Conscientes eran todos de que, últimamente, el Jaguá morotï había estado guiando a su favorecido hacia una clase de enterramiento menos lucrativa. Al respecto circulaba una certeza generalizada: en los rezagados efectos de una picadura estaba la explicación a tamaño cambio. Se sabía que, cuando acaso tenía cinco años, al Lembú se le había antojado comer choclo. Después de mucho insistir, había logrado que su madre interrumpiese los quehaceres para acompañarlo a la chacra. Con su atención puesta en las mazorcas, la mujer estuvo a un ápice de pisar una yarará enroscada en medio de un liño. Sintiéndose agredida, la víbora lanzó un ataque que fue a terminar contra el empeine izquierdo del gurrumino. Medio día les tomó llegarse a un hospital; medio verano tardó en ceder la agonía. Desde entonces, el Lembú sufrió el mal de los emponzoñados: en las jornadas de viento Norte le dolían las coyunturas, le sangraban las encías, lagrimeaba un quesillo, escuchaba abejorros y le asaltaban pensamientos sombríos.
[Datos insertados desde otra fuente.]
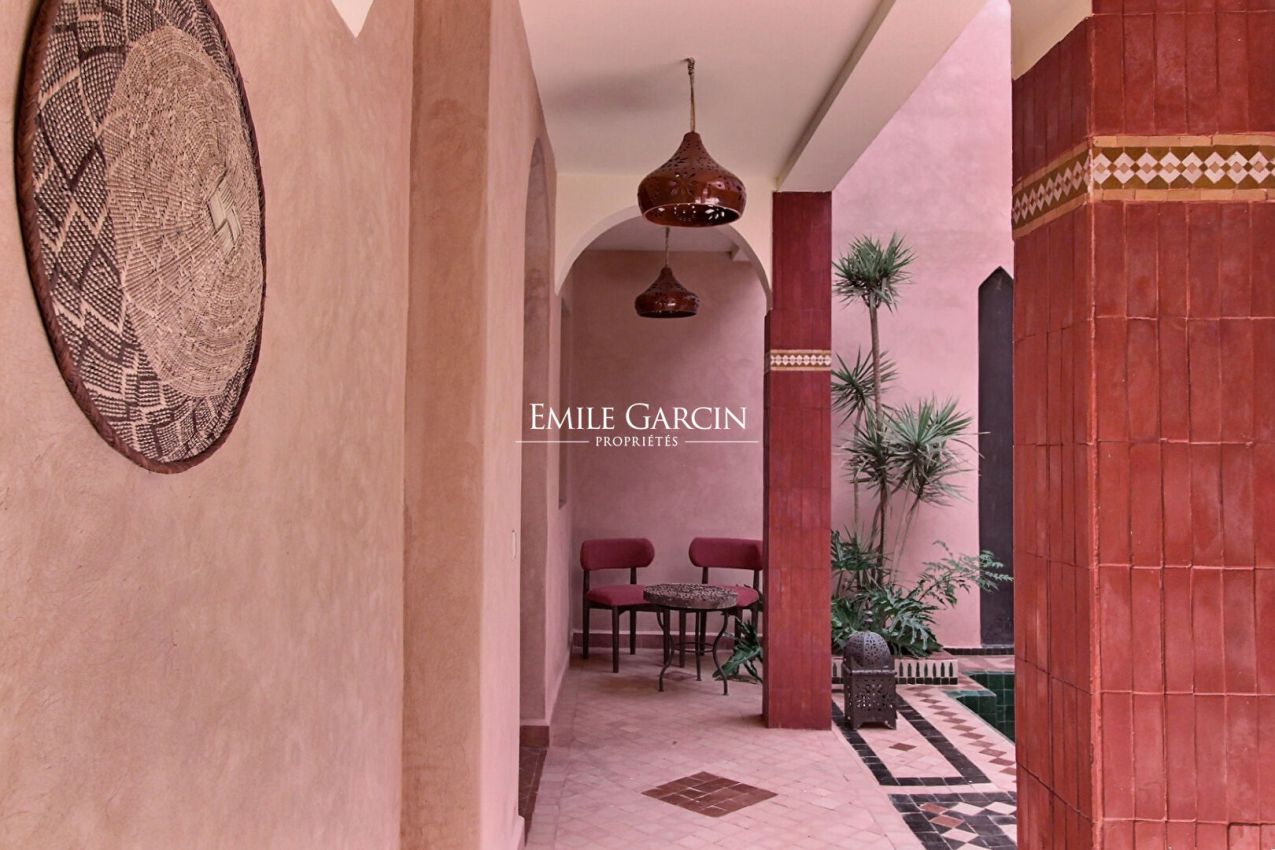 À vendre charmant Riad situé entre Riad Laarouss et Bab doukkala à Marrakech - Emile Garcin Maroc - Image 2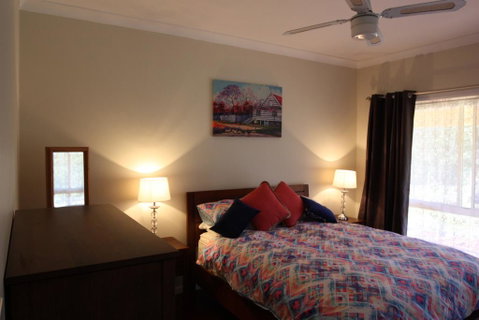 Lenoroc - Sunshine Coast Tourism 0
Estaba atravesando uno de esos trances cuando lo enteraron de que en un rancho había un nene que padecía pesadillas durante las madrugadas previas a las fiestas de guardar. Convencido de que este fenómeno era un aviso de que en las inmediaciones había escondido algo valioso, rumbeó al lugar de los hechos con su pala de punta al hombro. En el camino lo alcanzó el perro afantasmado, que no bien llegó a destino se echó a la sombra del alero, junto al resto de la perrada. El Lembú mandó correr la cama del crío y cavó un hoyo de casi cinco brazadas de profundidad. Lo detuvo un arcón de cuero cargado con lingotes marcados con el sello de la Nación y billetes apelmazados por la humedad. Tras contemplar aquel contenido, el más añoso de la casa cedió al llamado de la memoria, que en su caso andaba casi casi en pelotas y hablaba un dialecto guaraní.

—Vuélquenlo en un canal para que las aguas la sepulten junto con la maldición que arrastra –dijo el memorioso no bien terminó de retornar al presente.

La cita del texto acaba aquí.